It does make sense to do what you're suggesting. We've experienced the same issue with memcached in that the overhead to serialize objects back and forth isn't worth using it alone for a high volume application. Having a local cache reduces load on the application side while memcached reduces load on the database side. The downside comes with the additional complexity of writing two layers of caches and maintaining cache coherency. I'd try to minimize where you need to use it.
Infinispan can store objects as instances and minimize serialization overhead, also instead of replicating the data on each node it can distribute data to make better usage of your memory, or you can limit the amount of entries to keep in memory.
You can also have it just send invalidation messages to other nodes when you update a value, instead of sending the serialized values around.
In addition, for when it still needs to serialize it uses a very efficient Marshaller instead of Java's serialization, and since version 5 you can plug in your custom Externalizers to customize the wire format of some types to give it a extra push (generally not needed, but nice to have).
In case you where looking at memcached for other reasons as well, be aware that Infinispan also "speaks" the memcached text protocol so if you have other clients around you can still integrate with it.
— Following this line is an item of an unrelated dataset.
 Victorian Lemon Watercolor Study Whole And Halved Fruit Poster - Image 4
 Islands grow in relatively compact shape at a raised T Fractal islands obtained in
You could pretty simply overwrite net.sf.ehcache.Cache.createDiskStore()
new Cache(..) {
protected Store createDiskStore() {
if (isDiskStore()) {
// default: return DiskStore.create(this, diskStorePath);
MemcachedStore store = new MemcachedStore(..);
getCacheConfiguration().addConfigurationListener(store);
return store;
} else {
return null;
}
}
}
MemcachedStore is a custom implementation of net.sf.ehcache.store.Store that you'll have to do yourself. That's not to trivial, but then again, starting from DiskStore shouldn't be too difficult.
You can't replace the DiskStore in ehcache because its final. You can implement a new OffHeapStore and plugin it in like that. This is how BigMemory works. There is an Apache project called DirectMemory doing the same thing.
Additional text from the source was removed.